Ma la retorica delle due offerte concorrenti potrebbe essere ormai superata dalla realtà dietro le quinte. Insistendo sulla strada delle recenti voci che vedevano le due parti avvicinarsi, infatti, la stampa iberica rilancia che Atlantia e Acs hanno raggiunto un’intesa per dividersi il controllo di Abertis senza procedere a uno ‘spezzatino’ degli asset della concessionaria spagnola.

Secondo El Mundo, che cita fonti vicine alla trattativa, che potrebbe portare a un accordo di principio già questa settimana. Il piano, secondo il quotidiano spagnolo, prevede che l’opa su Abertis sia lanciata dalla controllata tedesca di Acs, Hotchief, la cui offerta è di 18,3 euro per azione ed ha appunto appena ricevuto l’ok della Consob locale.

Atlantia, dal canto suo, ritirerà la sua opa diventando co-offerente di quella di Acs. Il piano prevede che Atlantia e Acs si dividano il controllo di Abertis al 50% e che la concessionaria resti intatta, secondo un disegno che dovrebbe godere anche del supporto del governo spagnolo.
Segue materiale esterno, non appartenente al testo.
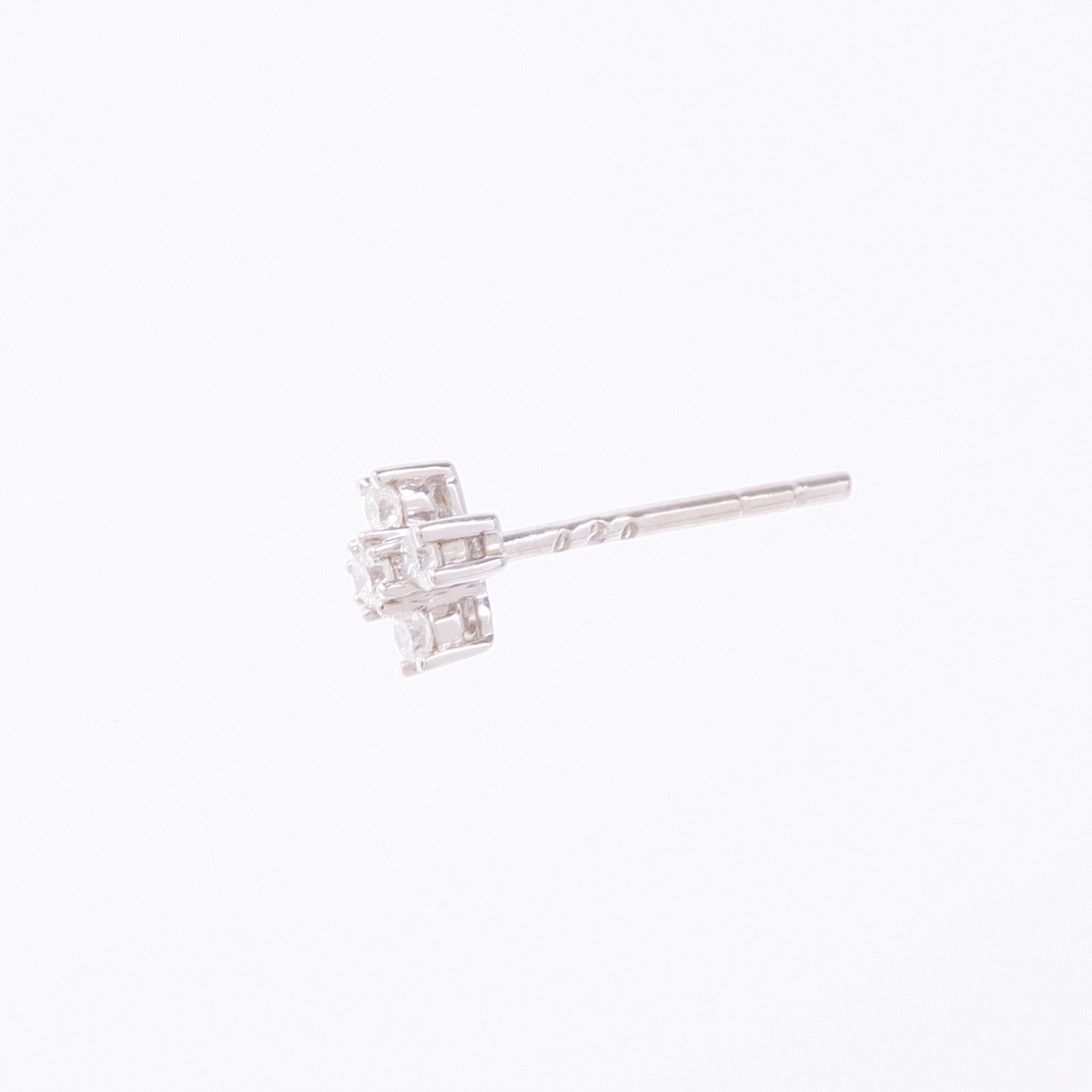 JEWELRY 18K白金Diamond Earrings鑽石耳環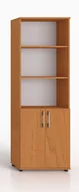 Regały - Regał biurowy na ksiażki i segragatoryG 60 II 2D olcha - miniaturka - grafika 1
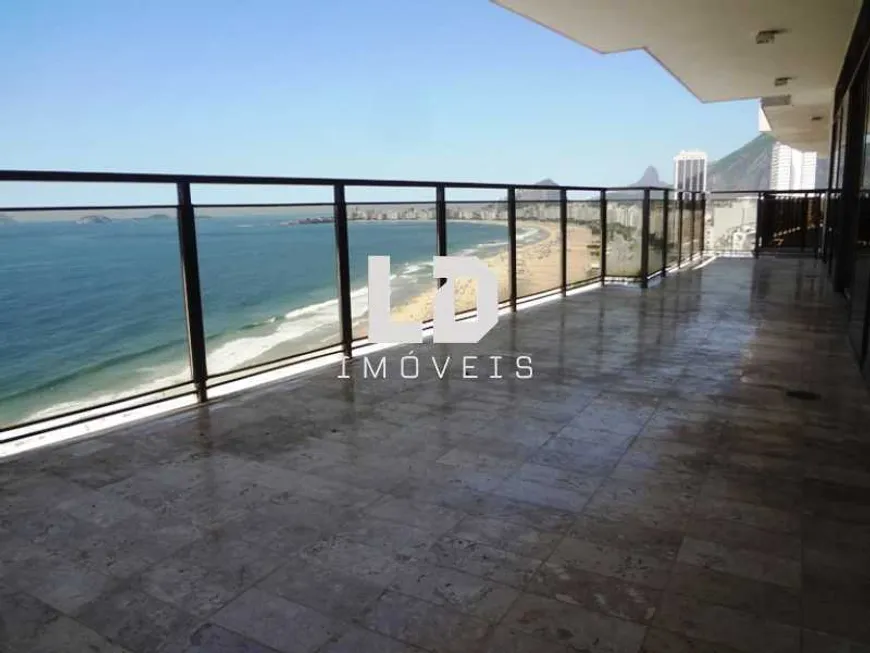 Foto 1 de Apartamento com 4 Quartos à venda, 280m² em Copacabana, Rio de Janeiro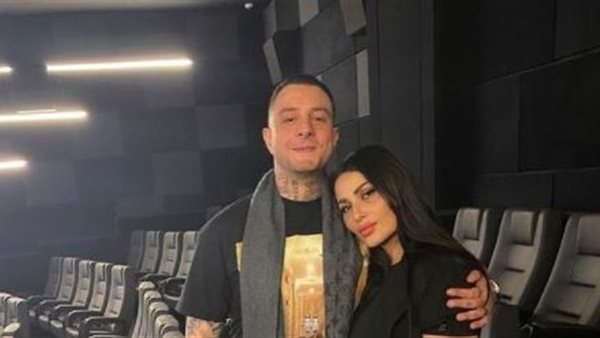 أحمد الفيشاوى وزوجته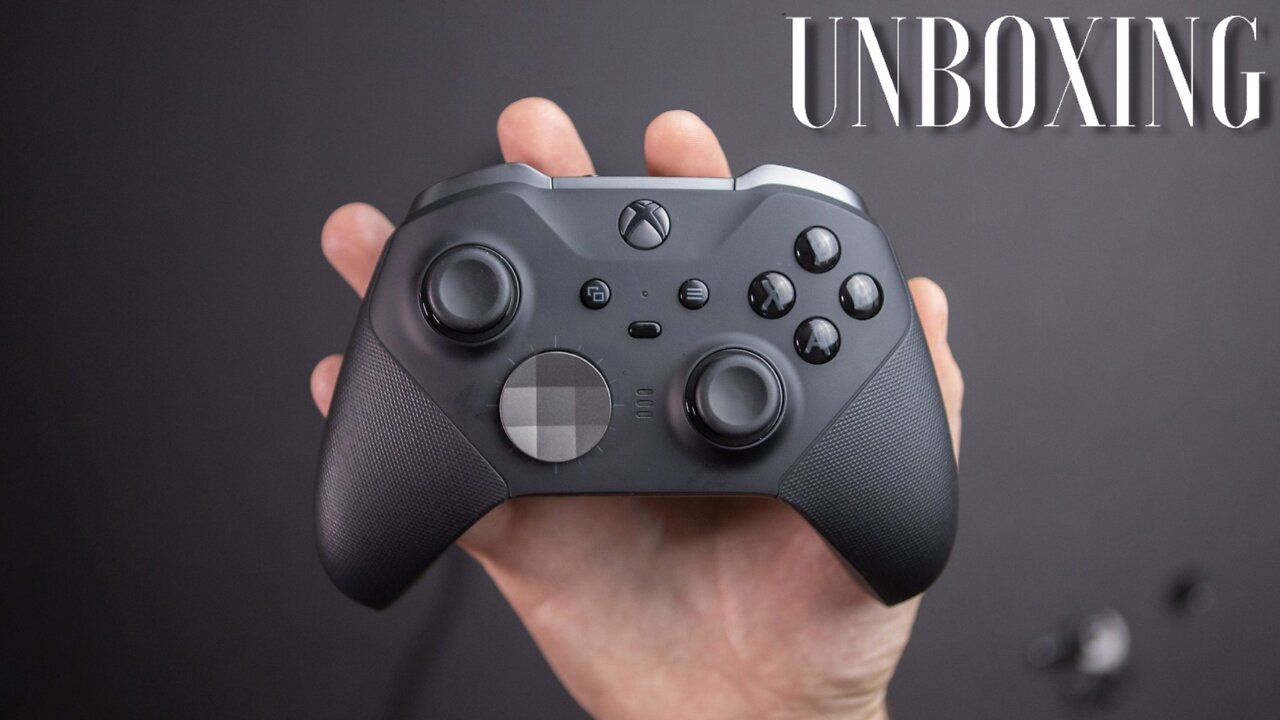 XBOX ONE ELITE CONTROLLER - UNBOXING the New Microsoft Control!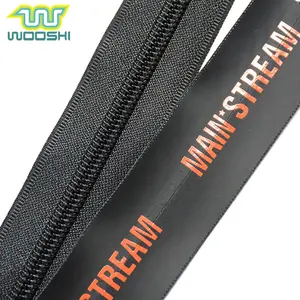 Cerniera per cerniere per indumenti per impermeabili TPU plastica personalizzata China Zip Factory elegante impermeabile Close End Nylon consegna veloce Nylon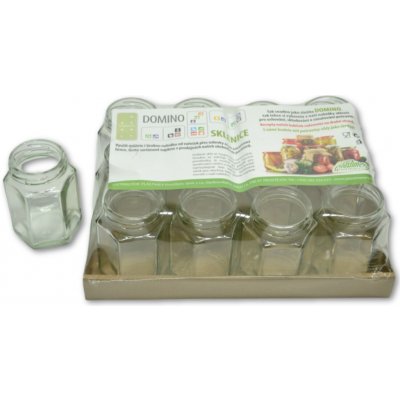 Vetropack Moravia sklenice zavařovací ŠESTIHRAN KOŘENKA TWIST TO-48 12 x 116ml – Hledejceny.cz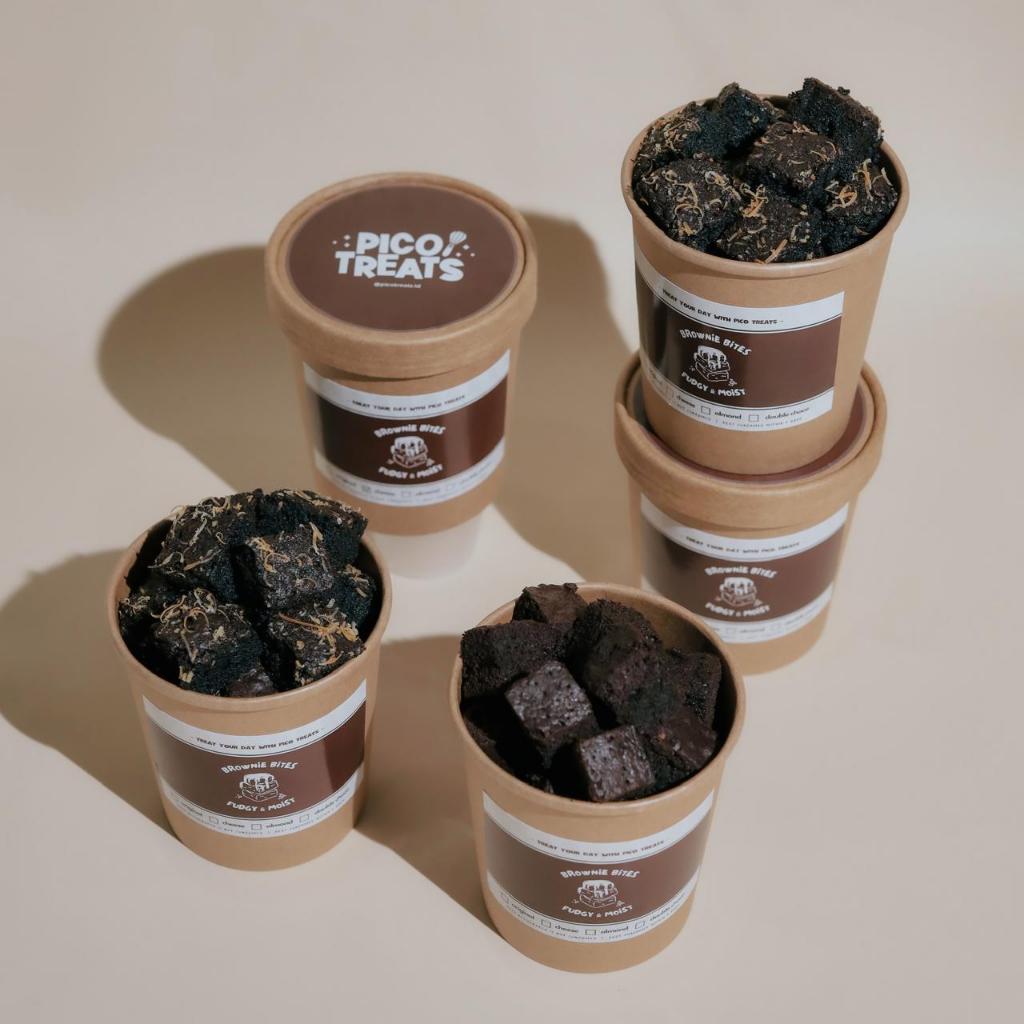 

Brownie Bites by Pico Treats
“Il presidente sarà spagnolo e non si ripeterà quanto accaduto in Endesa”, hanno riferito fonti vicine ad Acs, escludendo un bis dell’intesa tra Acciona ed Enel su Endesa, di fatto tradottosi in una vendita del gruppo energetico spagnolo agli italiani. “Qui ad Abertis l’idea è di stare insieme per molti anni”. Non è escluso che, a seguito dell’Opa una parte del capitale di Abertis possa essere nuovamente quotato.

Da parte di Atlantia – che in occasione delle prime indiscrezioni aveva confermato contatti e smentito accordi – “no comment” sulle nuove riportate dalla stampa iberica.